Exercise prompt
Transcribe the whole listing exactly; the images stay out.

Supplied information
- Opening Delimiter -

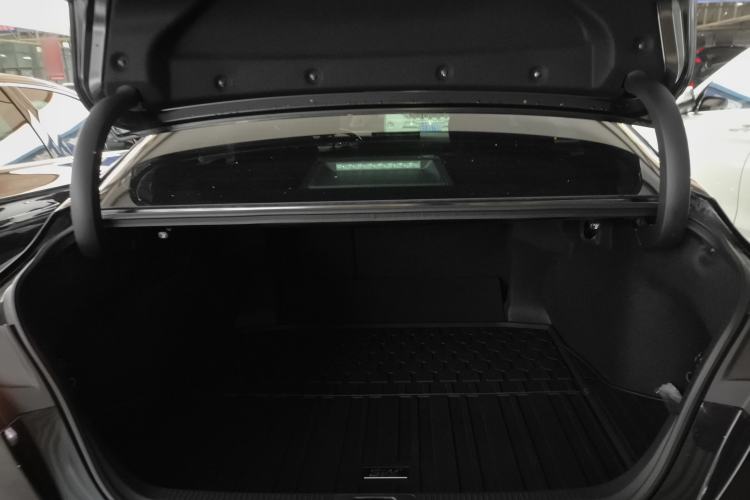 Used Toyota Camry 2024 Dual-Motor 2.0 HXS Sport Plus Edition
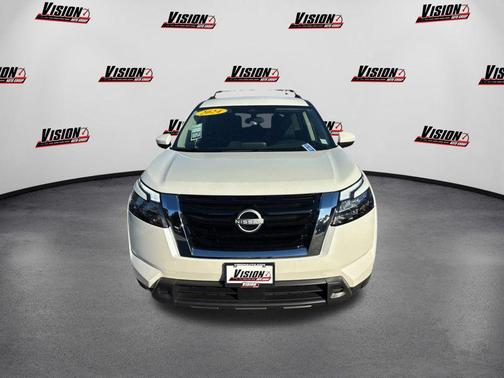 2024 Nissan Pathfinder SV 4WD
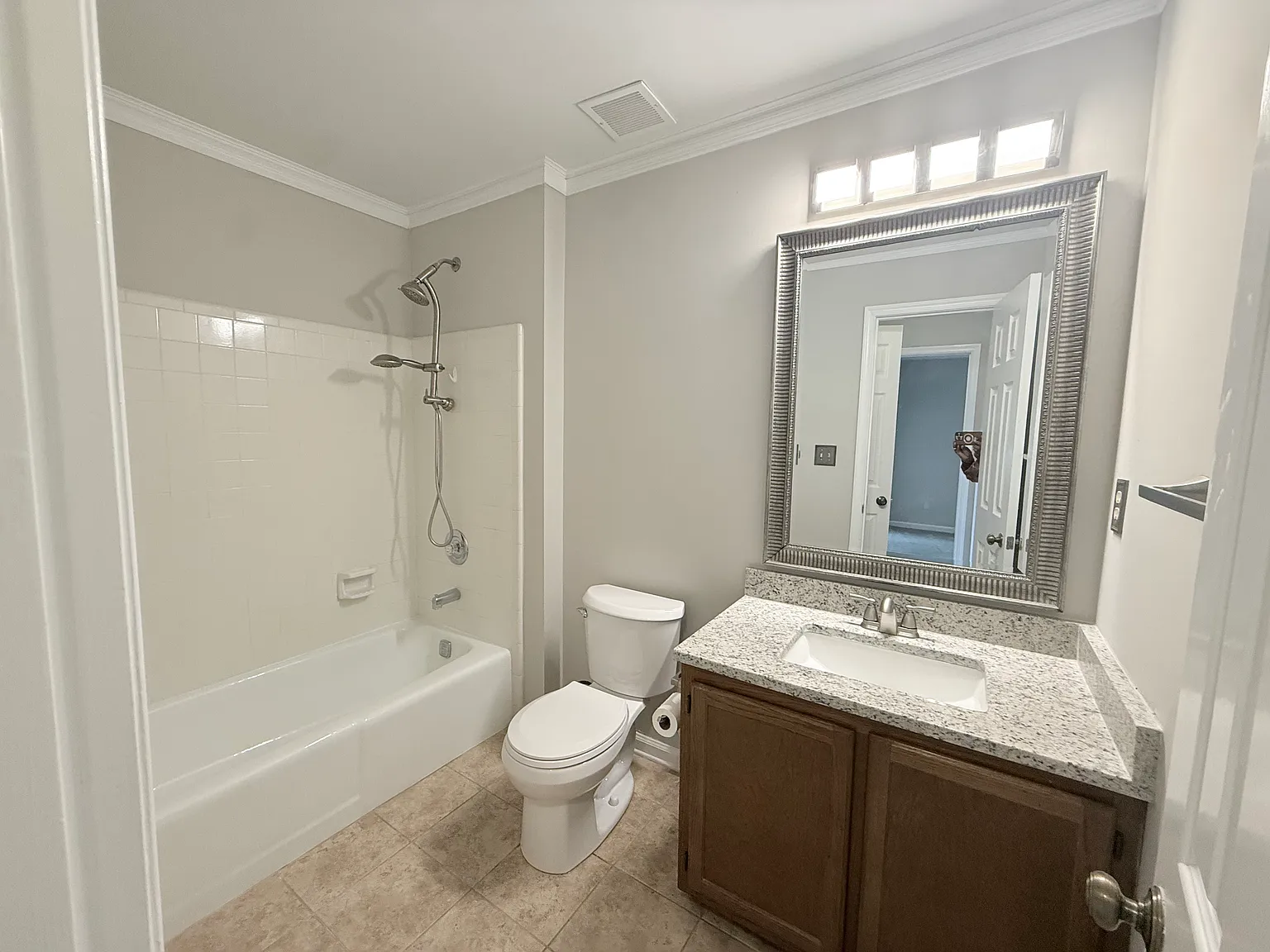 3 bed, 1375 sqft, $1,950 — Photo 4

- Closing Delimiter -

Response for this exercise
 Used Toyota Camry 2024 Dual-Motor 2.0 HXS Sport Plus Edition
 2024 Nissan Pathfinder SV 4WD
 3 bed, 1375 sqft, $1,950 — Photo 4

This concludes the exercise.